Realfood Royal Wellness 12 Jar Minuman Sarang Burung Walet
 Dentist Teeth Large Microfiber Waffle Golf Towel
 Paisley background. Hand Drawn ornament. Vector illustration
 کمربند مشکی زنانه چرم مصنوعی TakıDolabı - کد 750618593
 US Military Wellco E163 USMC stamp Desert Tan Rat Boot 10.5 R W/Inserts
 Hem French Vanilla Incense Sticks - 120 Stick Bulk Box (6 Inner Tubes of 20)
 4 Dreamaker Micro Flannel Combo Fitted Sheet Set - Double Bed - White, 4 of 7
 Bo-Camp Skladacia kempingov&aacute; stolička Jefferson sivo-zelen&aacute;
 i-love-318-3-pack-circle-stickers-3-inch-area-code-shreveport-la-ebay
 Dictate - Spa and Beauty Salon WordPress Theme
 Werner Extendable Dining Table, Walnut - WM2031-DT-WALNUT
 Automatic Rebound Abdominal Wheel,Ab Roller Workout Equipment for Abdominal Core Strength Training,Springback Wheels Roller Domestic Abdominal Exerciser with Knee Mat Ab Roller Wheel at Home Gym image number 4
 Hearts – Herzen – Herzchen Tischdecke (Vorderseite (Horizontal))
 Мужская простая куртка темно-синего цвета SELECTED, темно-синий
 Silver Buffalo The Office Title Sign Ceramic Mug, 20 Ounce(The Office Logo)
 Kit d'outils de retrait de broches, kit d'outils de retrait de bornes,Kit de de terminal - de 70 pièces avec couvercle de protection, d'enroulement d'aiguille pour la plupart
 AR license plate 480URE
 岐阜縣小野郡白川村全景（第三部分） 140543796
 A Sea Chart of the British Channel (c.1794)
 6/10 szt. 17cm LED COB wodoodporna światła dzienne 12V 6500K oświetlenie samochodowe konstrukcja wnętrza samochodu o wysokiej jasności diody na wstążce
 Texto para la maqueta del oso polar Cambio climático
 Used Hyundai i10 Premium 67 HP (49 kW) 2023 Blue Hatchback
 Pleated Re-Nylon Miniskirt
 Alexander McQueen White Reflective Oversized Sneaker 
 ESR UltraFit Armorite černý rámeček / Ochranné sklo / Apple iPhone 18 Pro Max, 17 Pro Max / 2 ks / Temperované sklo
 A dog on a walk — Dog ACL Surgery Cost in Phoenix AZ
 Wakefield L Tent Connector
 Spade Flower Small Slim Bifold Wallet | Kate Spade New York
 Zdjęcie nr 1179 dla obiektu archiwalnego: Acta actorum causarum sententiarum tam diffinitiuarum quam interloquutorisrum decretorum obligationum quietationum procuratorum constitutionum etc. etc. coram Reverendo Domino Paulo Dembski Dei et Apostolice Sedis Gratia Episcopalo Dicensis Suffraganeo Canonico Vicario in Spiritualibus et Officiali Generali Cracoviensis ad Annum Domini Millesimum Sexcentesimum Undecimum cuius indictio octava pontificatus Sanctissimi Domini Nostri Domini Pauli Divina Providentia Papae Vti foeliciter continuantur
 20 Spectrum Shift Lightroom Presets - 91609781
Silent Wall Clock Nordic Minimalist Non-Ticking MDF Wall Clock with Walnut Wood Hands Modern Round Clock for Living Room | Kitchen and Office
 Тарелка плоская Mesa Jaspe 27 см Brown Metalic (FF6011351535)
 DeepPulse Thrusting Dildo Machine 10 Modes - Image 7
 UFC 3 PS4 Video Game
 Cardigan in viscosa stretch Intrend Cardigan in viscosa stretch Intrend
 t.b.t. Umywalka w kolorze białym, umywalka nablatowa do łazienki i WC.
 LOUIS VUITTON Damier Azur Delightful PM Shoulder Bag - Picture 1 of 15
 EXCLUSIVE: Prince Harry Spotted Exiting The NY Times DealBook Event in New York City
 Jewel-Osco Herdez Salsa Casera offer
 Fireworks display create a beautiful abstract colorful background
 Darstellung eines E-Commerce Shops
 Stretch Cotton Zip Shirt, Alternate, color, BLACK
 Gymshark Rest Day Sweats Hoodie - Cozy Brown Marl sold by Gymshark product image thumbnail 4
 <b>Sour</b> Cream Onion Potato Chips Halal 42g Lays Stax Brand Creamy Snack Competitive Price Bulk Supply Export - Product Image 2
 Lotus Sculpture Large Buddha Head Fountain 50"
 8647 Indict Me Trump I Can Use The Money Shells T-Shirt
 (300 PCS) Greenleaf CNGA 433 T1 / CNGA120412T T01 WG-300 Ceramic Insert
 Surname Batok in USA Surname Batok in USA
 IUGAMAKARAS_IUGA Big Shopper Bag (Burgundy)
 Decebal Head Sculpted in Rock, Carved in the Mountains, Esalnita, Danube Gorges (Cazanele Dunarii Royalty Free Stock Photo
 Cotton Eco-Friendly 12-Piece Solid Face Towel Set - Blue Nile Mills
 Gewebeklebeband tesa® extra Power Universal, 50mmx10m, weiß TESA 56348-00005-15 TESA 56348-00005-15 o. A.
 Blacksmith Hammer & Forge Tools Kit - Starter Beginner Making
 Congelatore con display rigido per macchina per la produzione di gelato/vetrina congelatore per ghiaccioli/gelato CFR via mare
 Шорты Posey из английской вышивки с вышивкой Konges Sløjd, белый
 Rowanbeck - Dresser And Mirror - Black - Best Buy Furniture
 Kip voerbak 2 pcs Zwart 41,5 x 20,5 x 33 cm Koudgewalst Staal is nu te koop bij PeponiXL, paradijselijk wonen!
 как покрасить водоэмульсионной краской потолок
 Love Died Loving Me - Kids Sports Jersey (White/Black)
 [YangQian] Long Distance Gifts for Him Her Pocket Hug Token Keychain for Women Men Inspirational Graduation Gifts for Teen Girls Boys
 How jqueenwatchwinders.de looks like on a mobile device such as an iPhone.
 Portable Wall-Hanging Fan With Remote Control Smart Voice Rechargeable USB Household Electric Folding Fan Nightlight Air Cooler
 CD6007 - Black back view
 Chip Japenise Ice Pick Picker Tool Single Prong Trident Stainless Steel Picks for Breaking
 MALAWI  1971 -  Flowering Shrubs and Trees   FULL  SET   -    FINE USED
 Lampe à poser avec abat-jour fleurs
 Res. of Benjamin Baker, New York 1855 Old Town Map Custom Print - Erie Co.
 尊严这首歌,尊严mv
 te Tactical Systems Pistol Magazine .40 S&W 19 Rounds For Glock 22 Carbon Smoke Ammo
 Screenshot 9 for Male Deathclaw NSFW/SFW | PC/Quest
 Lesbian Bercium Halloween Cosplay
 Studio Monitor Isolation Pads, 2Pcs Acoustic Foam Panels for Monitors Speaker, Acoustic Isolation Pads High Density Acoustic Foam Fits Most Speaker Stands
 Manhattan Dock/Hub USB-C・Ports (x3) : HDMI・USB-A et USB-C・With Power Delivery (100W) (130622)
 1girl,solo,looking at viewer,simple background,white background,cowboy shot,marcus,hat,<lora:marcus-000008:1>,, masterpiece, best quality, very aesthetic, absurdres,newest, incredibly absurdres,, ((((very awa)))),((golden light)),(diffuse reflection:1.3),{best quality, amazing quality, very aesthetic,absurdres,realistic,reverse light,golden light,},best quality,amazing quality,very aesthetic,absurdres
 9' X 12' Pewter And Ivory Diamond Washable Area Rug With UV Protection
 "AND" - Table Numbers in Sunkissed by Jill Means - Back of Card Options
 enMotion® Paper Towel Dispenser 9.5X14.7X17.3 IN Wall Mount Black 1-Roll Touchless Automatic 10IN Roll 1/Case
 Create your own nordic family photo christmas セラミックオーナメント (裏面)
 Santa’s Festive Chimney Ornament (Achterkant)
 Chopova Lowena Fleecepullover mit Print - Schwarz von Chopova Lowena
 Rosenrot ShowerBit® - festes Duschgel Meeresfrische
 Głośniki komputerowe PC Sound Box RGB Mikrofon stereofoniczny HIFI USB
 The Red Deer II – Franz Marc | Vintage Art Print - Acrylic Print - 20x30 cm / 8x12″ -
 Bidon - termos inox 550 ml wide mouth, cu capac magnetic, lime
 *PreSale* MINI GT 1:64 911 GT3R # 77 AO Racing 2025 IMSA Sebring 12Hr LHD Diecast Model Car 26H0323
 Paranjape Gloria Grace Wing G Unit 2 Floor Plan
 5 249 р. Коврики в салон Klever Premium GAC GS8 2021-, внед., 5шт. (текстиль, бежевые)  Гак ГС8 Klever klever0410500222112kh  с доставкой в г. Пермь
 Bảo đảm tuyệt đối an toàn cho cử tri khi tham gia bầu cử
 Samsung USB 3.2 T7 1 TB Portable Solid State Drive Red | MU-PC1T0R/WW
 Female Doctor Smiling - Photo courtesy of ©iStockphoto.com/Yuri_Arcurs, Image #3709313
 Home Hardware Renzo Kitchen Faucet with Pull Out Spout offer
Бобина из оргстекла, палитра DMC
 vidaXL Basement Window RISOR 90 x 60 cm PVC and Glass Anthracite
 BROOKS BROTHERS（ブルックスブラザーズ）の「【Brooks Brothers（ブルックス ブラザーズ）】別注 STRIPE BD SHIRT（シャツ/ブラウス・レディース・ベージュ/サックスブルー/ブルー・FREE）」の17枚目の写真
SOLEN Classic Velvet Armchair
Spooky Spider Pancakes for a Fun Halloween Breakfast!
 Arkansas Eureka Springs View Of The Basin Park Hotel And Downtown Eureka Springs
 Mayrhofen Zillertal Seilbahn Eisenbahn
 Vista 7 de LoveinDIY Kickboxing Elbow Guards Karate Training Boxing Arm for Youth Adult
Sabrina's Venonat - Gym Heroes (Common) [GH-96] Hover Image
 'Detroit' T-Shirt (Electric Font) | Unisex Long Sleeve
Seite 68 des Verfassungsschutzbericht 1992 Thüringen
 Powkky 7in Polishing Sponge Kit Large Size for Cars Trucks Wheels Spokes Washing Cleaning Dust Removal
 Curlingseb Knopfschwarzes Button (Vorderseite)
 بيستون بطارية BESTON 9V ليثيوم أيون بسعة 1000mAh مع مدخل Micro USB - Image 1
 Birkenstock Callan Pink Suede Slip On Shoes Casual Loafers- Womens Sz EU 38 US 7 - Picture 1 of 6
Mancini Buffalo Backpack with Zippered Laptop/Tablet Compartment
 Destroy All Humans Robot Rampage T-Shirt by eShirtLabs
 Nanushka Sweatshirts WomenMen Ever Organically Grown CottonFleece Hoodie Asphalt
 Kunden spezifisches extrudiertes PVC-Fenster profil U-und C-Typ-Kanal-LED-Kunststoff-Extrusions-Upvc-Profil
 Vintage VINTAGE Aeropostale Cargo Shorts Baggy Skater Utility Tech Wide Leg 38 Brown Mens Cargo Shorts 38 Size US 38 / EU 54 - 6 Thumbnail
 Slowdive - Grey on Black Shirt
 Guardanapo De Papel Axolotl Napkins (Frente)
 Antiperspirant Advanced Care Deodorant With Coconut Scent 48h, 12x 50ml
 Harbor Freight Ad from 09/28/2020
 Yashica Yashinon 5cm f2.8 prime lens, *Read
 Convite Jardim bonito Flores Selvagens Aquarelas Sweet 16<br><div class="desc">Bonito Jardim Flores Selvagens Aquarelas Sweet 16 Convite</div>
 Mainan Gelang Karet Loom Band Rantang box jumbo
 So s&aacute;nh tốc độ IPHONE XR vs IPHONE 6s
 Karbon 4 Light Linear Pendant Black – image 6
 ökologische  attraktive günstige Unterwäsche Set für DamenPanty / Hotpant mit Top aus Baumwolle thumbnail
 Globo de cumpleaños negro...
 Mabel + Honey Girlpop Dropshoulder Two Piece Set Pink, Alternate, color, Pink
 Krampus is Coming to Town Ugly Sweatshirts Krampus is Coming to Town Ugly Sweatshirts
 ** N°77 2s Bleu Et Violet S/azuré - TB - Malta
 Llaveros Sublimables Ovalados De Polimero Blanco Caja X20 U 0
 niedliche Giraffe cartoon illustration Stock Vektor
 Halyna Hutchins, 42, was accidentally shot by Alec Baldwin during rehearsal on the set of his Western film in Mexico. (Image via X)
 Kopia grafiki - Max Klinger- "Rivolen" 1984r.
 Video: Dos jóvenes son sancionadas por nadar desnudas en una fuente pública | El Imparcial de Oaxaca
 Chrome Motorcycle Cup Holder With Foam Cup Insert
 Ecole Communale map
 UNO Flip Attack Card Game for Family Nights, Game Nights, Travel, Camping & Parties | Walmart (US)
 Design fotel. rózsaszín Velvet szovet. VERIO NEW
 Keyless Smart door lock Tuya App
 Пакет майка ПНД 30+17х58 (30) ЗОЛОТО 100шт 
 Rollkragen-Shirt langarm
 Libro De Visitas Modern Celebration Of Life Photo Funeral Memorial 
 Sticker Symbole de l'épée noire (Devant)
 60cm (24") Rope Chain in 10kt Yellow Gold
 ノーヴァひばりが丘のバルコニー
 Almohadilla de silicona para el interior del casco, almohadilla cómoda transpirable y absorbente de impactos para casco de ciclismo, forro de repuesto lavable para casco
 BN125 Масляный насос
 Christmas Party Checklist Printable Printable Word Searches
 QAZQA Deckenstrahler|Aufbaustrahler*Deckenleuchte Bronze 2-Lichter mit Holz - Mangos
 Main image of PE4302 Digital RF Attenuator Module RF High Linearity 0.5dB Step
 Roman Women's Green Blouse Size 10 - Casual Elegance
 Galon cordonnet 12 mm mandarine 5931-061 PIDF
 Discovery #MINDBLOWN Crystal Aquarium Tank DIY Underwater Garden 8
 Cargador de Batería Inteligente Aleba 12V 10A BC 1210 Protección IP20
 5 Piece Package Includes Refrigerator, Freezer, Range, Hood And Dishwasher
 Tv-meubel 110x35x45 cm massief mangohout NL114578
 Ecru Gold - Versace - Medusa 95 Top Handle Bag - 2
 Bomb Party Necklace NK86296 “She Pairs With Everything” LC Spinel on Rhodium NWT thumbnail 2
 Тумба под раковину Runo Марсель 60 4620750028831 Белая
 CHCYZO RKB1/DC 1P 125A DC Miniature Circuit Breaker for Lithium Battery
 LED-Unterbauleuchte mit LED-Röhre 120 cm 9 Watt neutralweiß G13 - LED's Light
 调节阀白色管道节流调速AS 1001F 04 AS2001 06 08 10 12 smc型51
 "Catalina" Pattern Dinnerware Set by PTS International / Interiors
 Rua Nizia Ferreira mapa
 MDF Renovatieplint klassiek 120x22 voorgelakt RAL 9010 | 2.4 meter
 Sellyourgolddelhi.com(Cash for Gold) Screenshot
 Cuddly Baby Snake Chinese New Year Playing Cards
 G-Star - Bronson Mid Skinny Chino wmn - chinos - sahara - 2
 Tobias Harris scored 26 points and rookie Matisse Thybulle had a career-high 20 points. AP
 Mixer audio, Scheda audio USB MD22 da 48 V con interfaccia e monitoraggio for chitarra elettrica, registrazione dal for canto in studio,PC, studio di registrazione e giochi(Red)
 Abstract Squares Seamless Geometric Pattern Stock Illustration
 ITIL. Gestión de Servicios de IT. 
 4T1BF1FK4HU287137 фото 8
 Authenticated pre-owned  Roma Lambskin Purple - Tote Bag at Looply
########
*Task details*: From the listing above, output exactly the run of lines that starts with the line containing "te Tactical Systems" and ends with the line containing "Manhattan Dock/Hub USB-C・Ports".

*Expected answer*:
 te Tactical Systems Pistol Magazine .40 S&W 19 Rounds For Glock 22 Carbon Smoke Ammo
 Screenshot 9 for Male Deathclaw NSFW/SFW | PC/Quest
 Lesbian Bercium Halloween Cosplay
 Studio Monitor Isolation Pads, 2Pcs Acoustic Foam Panels for Monitors Speaker, Acoustic Isolation Pads High Density Acoustic Foam Fits Most Speaker Stands
 Manhattan Dock/Hub USB-C・Ports (x3) : HDMI・USB-A et USB-C・With Power Delivery (100W) (130622)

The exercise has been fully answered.